§ EXERCISE REQUIREMENTS: The expected result is a verbatim repetition of the lines from the start of the entries through the line containing "An expired roll", with the pictures removed.

------ RECORDED DATA ------

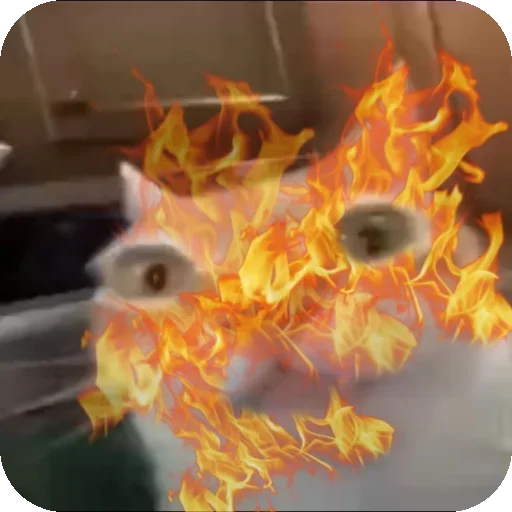 Эмодзи Кот Нормас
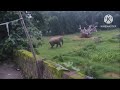 jharsuguda bhalupatra village elephant attack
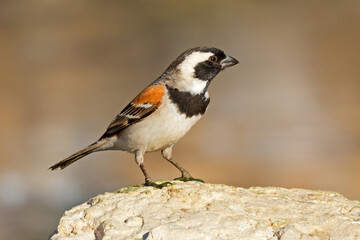 A male Cape sparrow (Passer melanurus) perched on a rock, South Africa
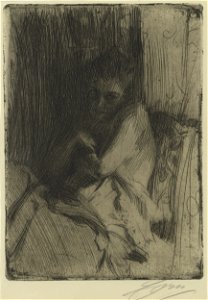 Anders Zorn Surprised Thielska 465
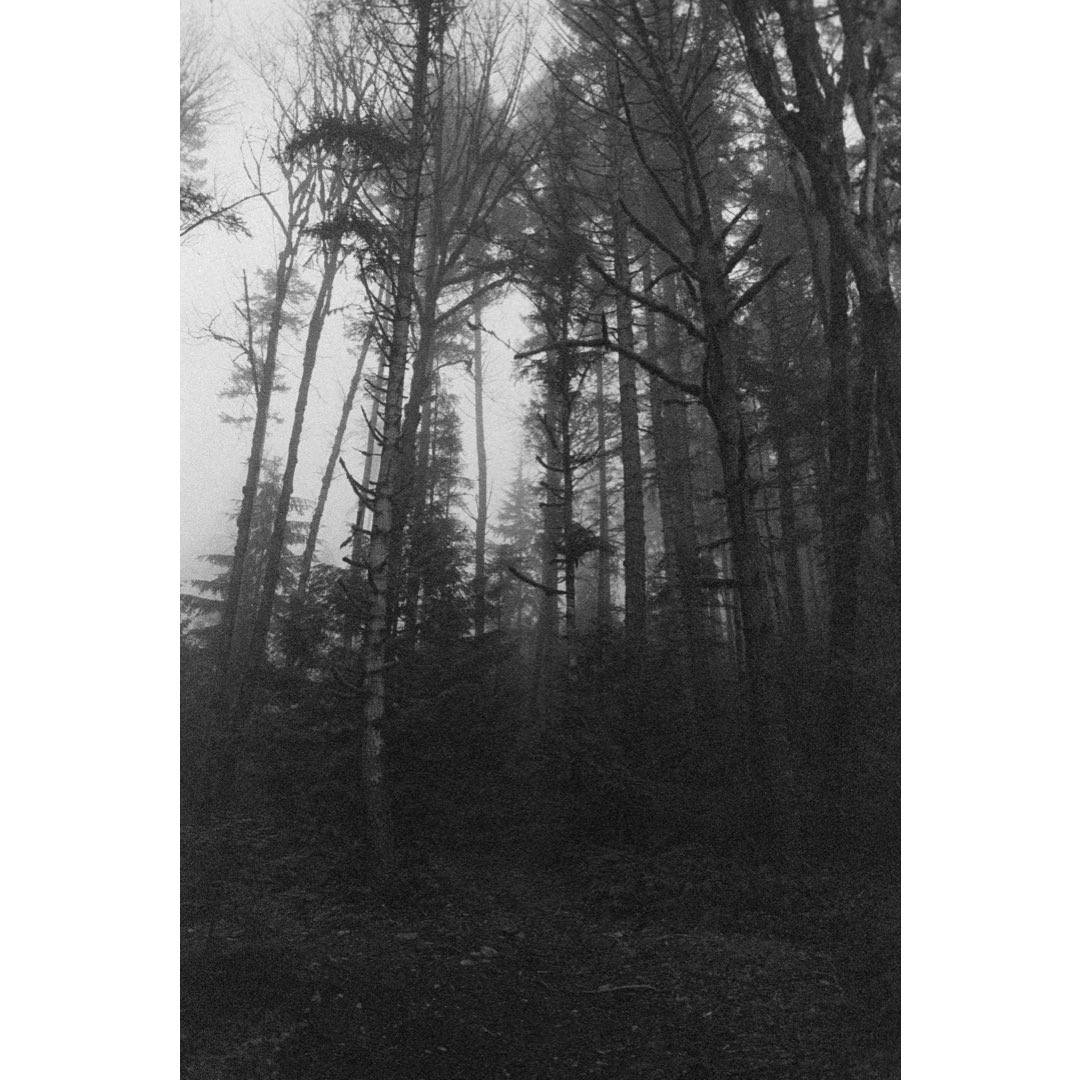 An expired roll of #IlfordDelta3200 also victims of numerous airport X-rays. 
So if the roll would most likely be fogged, may as well shoot foggy scenes!
Port Alberni, BC - Vancouver Island. 

#Filmphotography #ilfordphoto #35mm #blackandwhite #vancouverisland #portalberni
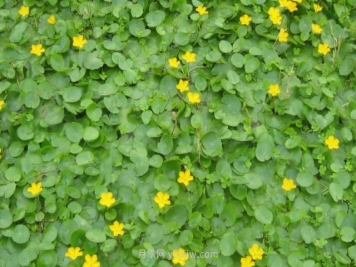 城市河道治理中常用的浮叶植物
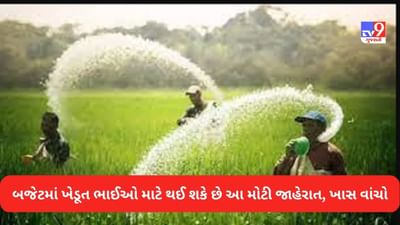 Union Budget 2023: નાણાપ્રધાન આજે કરી શકે છે કૃષિ સંબંધિત મોટી જાહેરાત, ખેડૂત ભાઈઓ જરૂરથી વાંચે આ સમાચાર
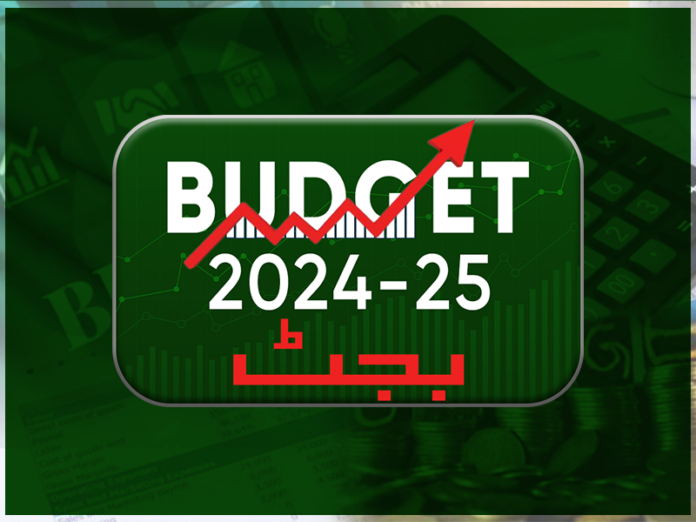 Sahibzada Shabbir terms federal budget people, business friendly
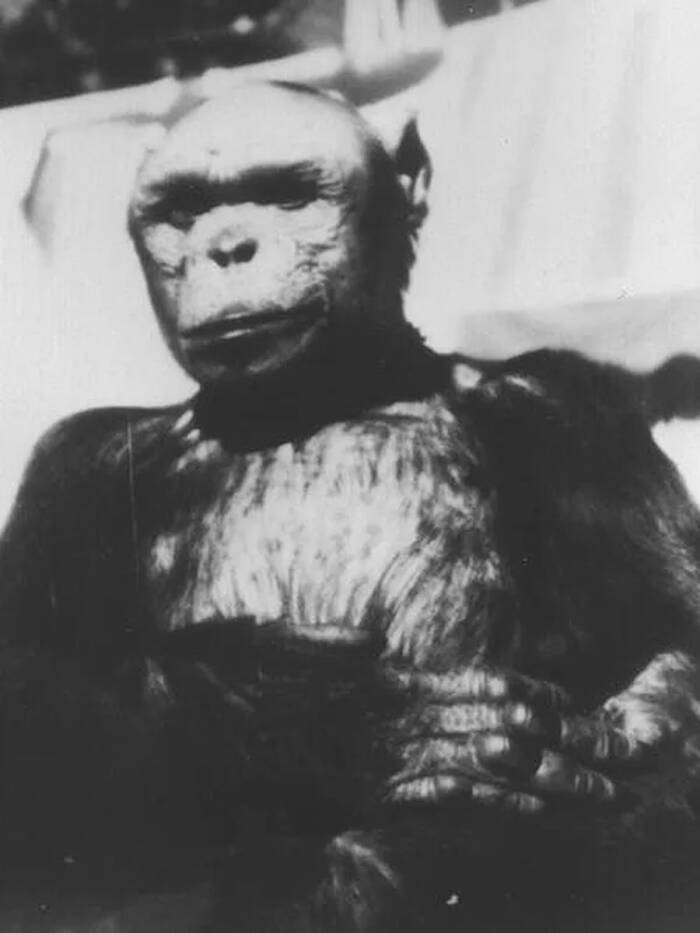 Oliver The Rumored Humanzee
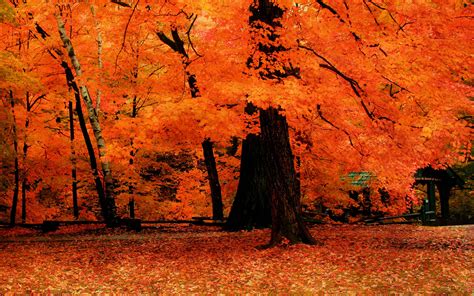Fall Colored Tree Wallpaper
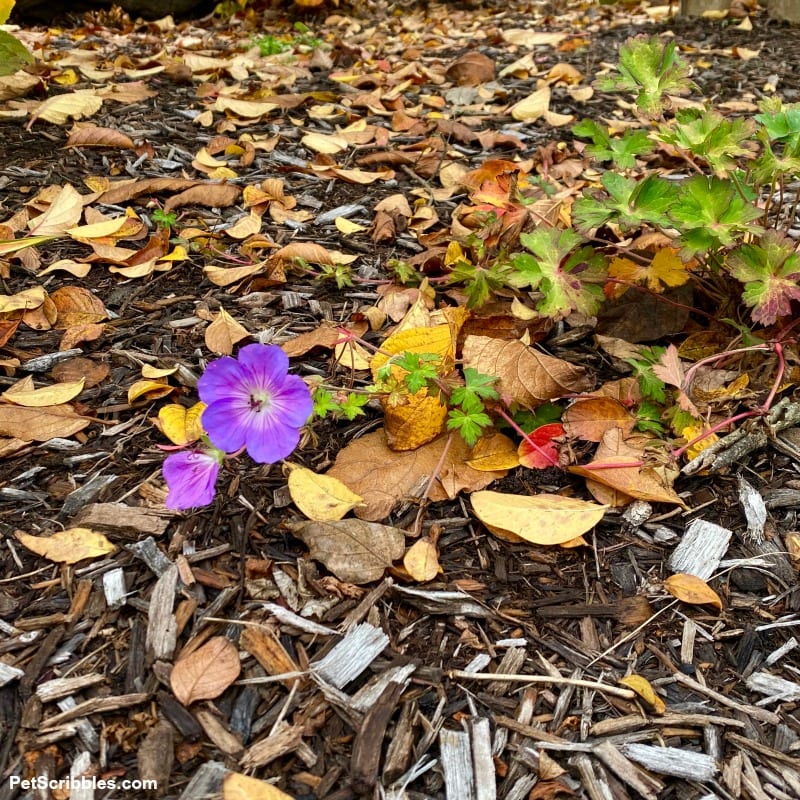 Geranium Rozanne flower at the end of the growing season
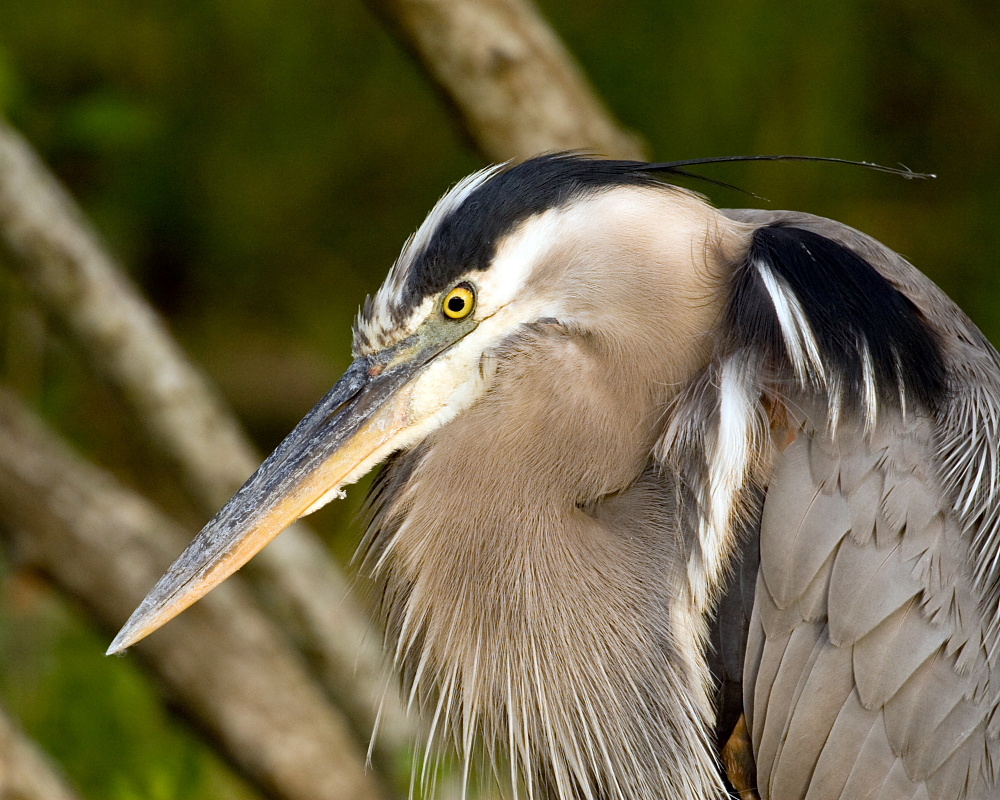 Great Blue Heron profile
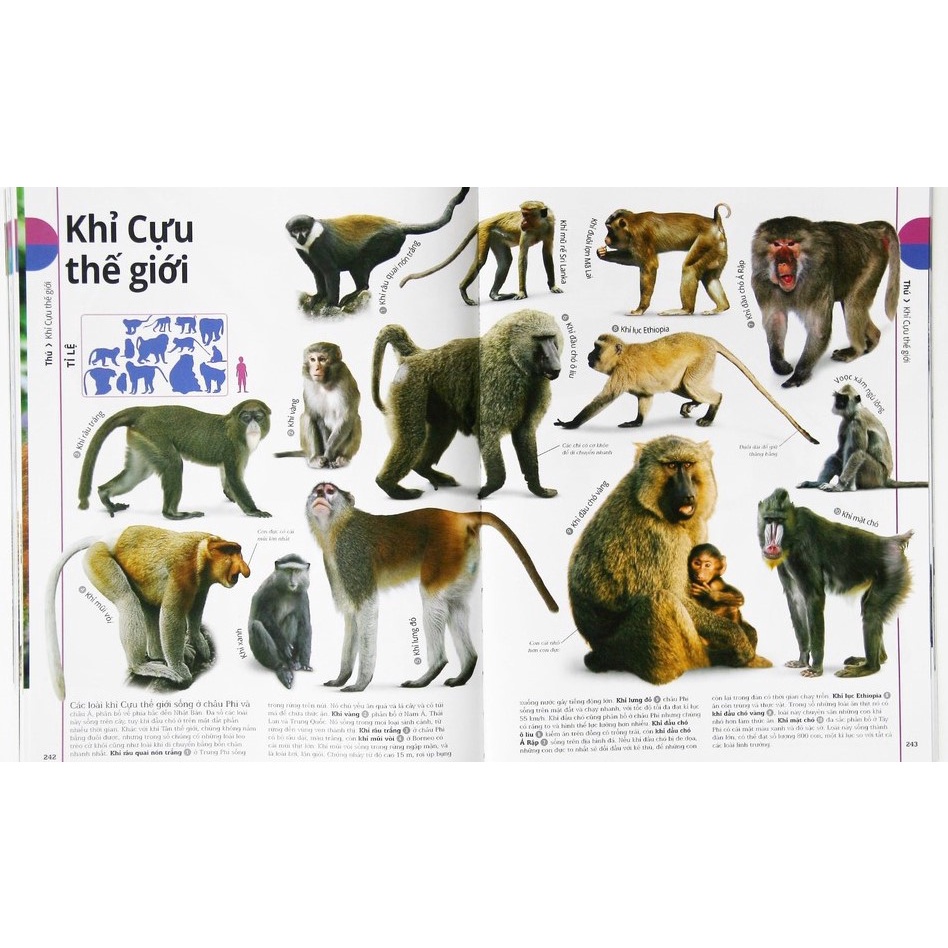 Sách - Động Vật : Bách Khoa Thư Hình Ảnh Về Các Loài Vật Trên Trái Đất - Đông A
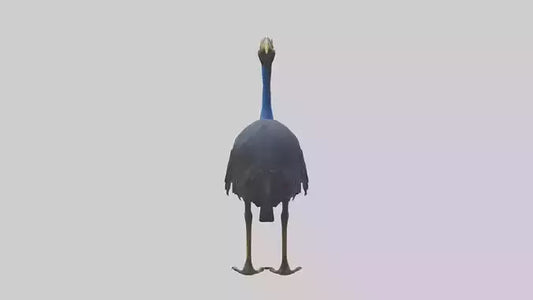 Cassowary stalking model 3D model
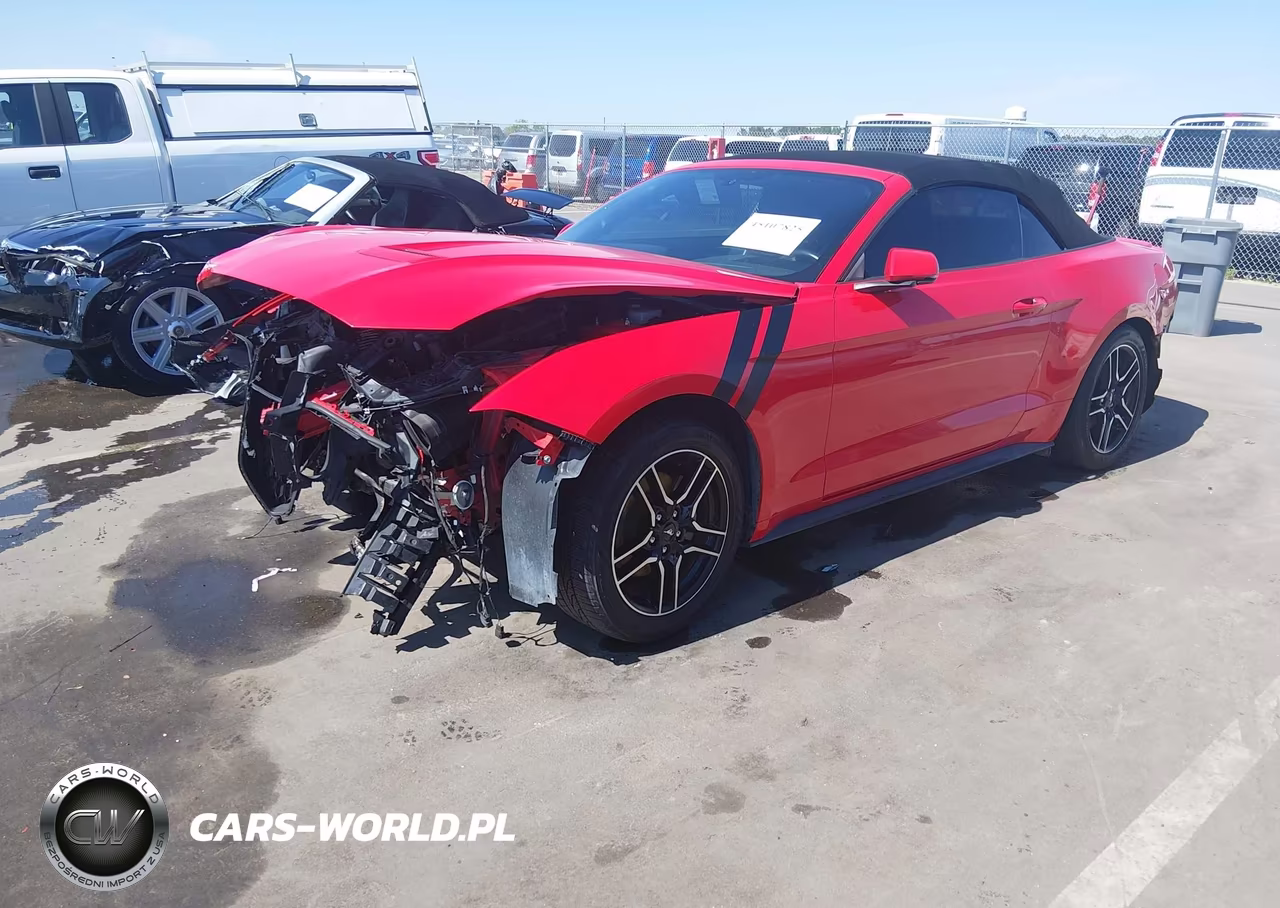 2019 Ford Mustang Ecoboost Premium VIN:1FATP8UH9K5153365 - 2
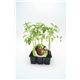 Pack Tomate Negro 6 Ud. Solanum lycopersicum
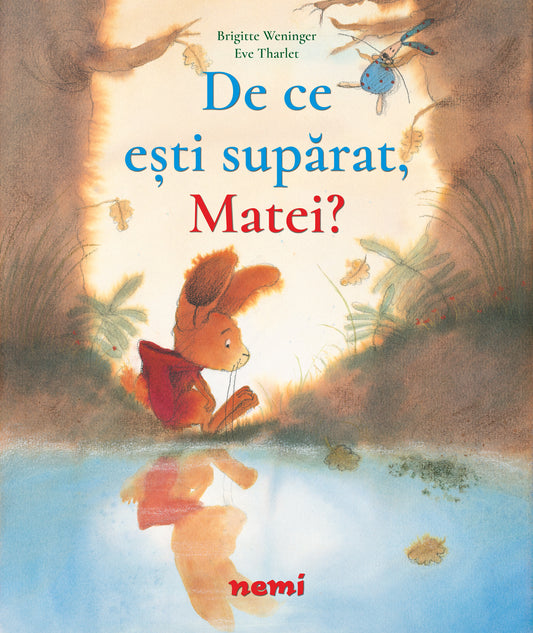 De ce ești supărat Matei? - Brigitte Weninger Eve Tharlet - Brigitte Weninger Eve Tharlet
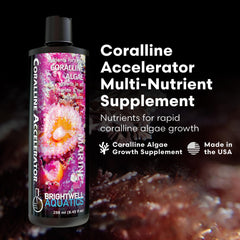 Brightwell Aquatics Coralline Accelerator being poured for convenient reef tank dosing.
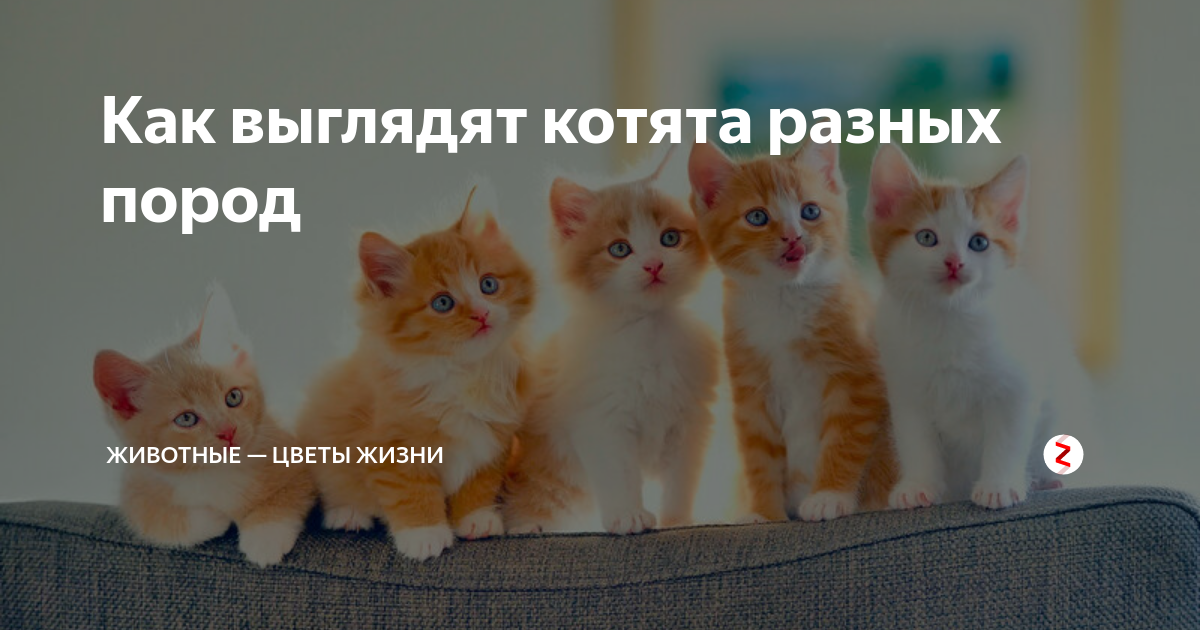 Как выглядят коты 57 фото - ZooClever.ru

------

§ TASK RESULT:
 Эмодзи Кот Нормас
 jharsuguda bhalupatra village elephant attack
 A male Cape sparrow (Passer melanurus) perched on a rock, South Africa
 Anders Zorn Surprised Thielska 465
 An expired roll of #IlfordDelta3200 also victims of numerous airport X-rays. 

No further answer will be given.